- To do:
Images are to be omitted, and the rest of the records reproduced exactly.

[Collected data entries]

#####

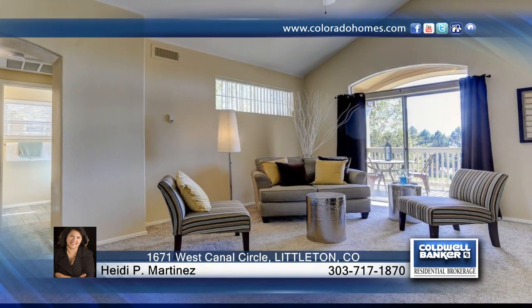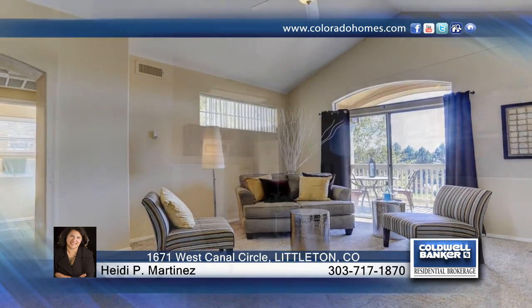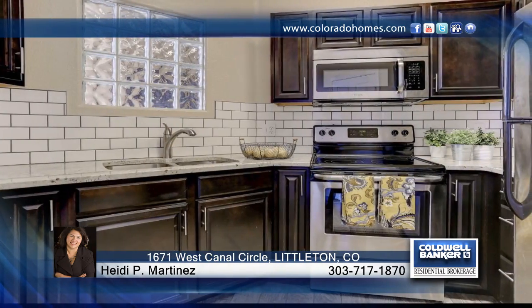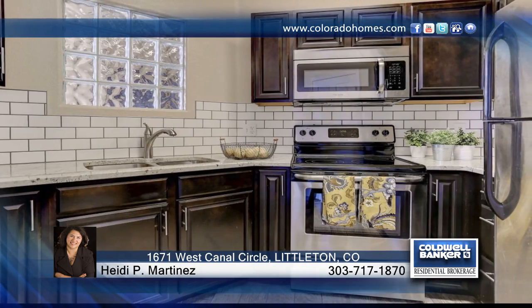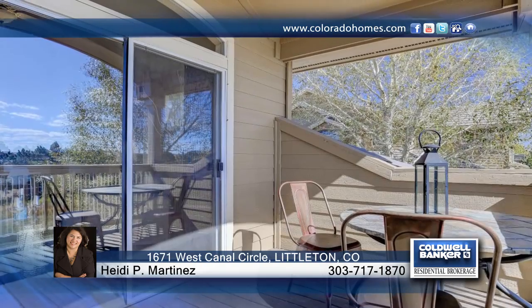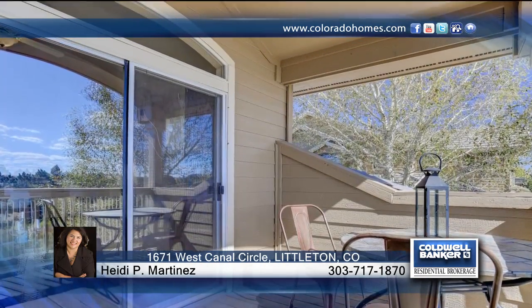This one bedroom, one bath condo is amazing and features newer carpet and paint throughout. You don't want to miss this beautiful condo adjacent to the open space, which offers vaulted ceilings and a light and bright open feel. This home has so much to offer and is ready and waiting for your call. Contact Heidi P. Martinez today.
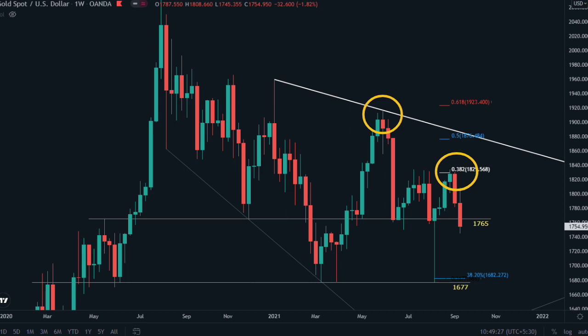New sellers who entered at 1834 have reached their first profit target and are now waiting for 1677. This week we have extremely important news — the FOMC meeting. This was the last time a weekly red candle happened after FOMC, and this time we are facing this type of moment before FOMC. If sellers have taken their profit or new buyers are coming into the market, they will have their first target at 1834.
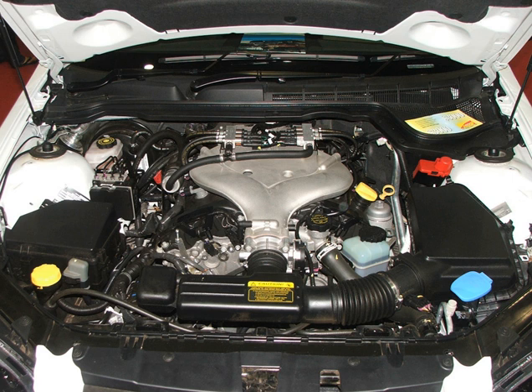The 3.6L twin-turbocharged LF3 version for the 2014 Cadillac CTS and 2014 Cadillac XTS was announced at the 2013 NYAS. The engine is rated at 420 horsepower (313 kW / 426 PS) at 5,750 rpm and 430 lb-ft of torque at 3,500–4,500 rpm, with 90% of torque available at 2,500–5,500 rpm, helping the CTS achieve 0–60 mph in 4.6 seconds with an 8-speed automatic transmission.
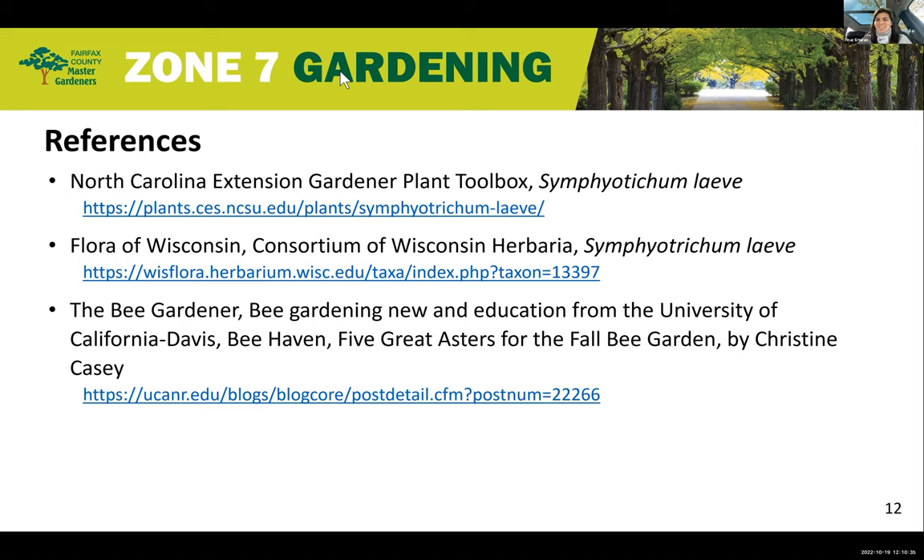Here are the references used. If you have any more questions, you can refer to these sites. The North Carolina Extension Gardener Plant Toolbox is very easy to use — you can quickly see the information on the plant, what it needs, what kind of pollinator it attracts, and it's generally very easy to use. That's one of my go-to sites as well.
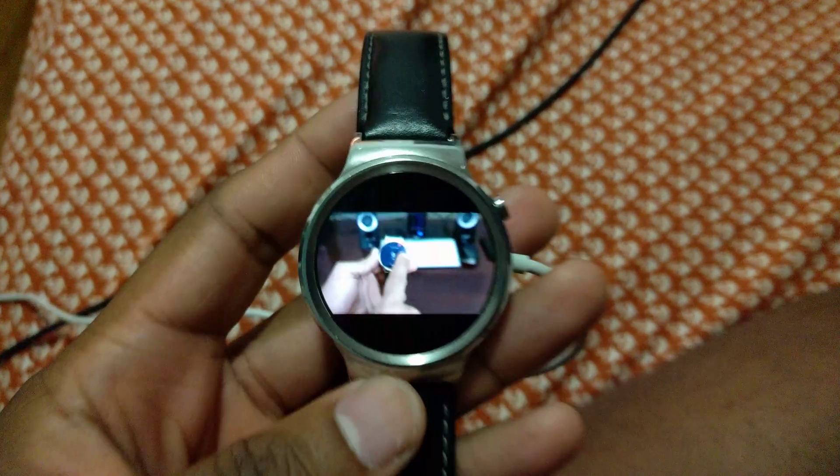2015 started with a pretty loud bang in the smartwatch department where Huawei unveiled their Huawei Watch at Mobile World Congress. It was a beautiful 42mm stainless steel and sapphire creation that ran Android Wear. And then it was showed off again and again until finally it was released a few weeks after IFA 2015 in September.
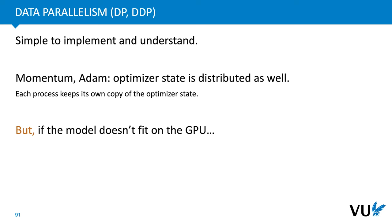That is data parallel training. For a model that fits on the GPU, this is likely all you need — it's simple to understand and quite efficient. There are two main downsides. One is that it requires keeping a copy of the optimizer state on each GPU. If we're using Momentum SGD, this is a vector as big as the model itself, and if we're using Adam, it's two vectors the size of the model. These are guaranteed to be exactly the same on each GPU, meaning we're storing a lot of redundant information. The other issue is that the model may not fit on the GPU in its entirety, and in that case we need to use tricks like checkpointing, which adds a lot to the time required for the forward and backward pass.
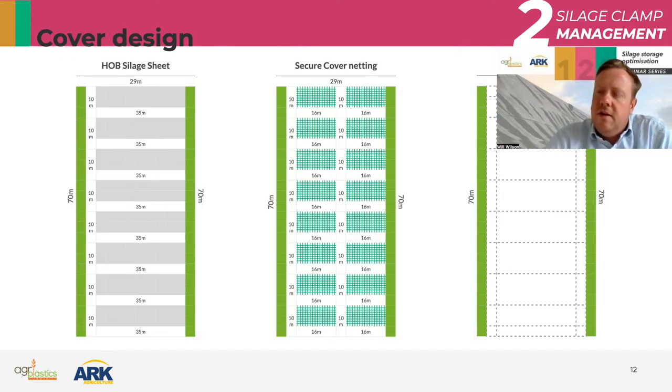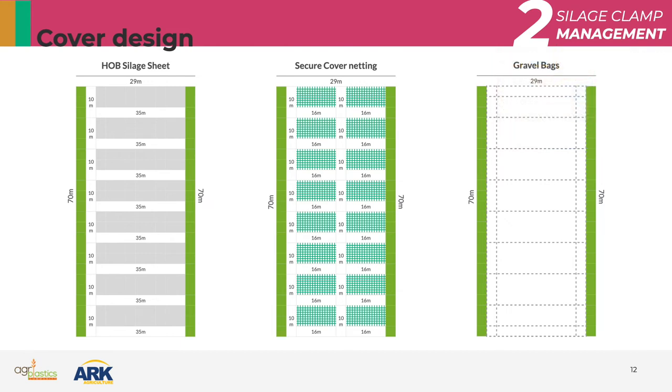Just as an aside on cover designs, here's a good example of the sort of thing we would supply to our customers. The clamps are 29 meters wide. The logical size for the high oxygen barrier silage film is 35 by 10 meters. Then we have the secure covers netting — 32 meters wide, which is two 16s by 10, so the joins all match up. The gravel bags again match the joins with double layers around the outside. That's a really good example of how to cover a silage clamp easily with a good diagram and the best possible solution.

#####

- Completed task:
This one bedroom, one bath condo is amazing and features newer carpet and paint throughout. You don't want to miss this beautiful condo adjacent to the open space, which offers vaulted ceilings and a light and bright open feel. This home has so much to offer and is ready and waiting for your call. Contact Heidi P. Martinez today.
New sellers who entered at 1834 have reached their first profit target and are now waiting for 1677. This week we have extremely important news — the FOMC meeting. This was the last time a weekly red candle happened after FOMC, and this time we are facing this type of moment before FOMC. If sellers have taken their profit or new buyers are coming into the market, they will have their first target at 1834.
The 3.6L twin-turbocharged LF3 version for the 2014 Cadillac CTS and 2014 Cadillac XTS was announced at the 2013 NYAS. The engine is rated at 420 horsepower (313 kW / 426 PS) at 5,750 rpm and 430 lb-ft of torque at 3,500–4,500 rpm, with 90% of torque available at 2,500–5,500 rpm, helping the CTS achieve 0–60 mph in 4.6 seconds with an 8-speed automatic transmission.
Here are the references used. If you have any more questions, you can refer to these sites. The North Carolina Extension Gardener Plant Toolbox is very easy to use — you can quickly see the information on the plant, what it needs, what kind of pollinator it attracts, and it's generally very easy to use. That's one of my go-to sites as well.
2015 started with a pretty loud bang in the smartwatch department where Huawei unveiled their Huawei Watch at Mobile World Congress. It was a beautiful 42mm stainless steel and sapphire creation that ran Android Wear. And then it was showed off again and again until finally it was released a few weeks after IFA 2015 in September.
That is data parallel training. For a model that fits on the GPU, this is likely all you need — it's simple to understand and quite efficient. There are two main downsides. One is that it requires keeping a copy of the optimizer state on each GPU. If we're using Momentum SGD, this is a vector as big as the model itself, and if we're using Adam, it's two vectors the size of the model. These are guaranteed to be exactly the same on each GPU, meaning we're storing a lot of redundant information. The other issue is that the model may not fit on the GPU in its entirety, and in that case we need to use tricks like checkpointing, which adds a lot to the time required for the forward and backward pass.
Just as an aside on cover designs, here's a good example of the sort of thing we would supply to our customers. The clamps are 29 meters wide. The logical size for the high oxygen barrier silage film is 35 by 10 meters. Then we have the secure covers netting — 32 meters wide, which is two 16s by 10, so the joins all match up. The gravel bags again match the joins with double layers around the outside. That's a really good example of how to cover a silage clamp easily with a good diagram and the best possible solution.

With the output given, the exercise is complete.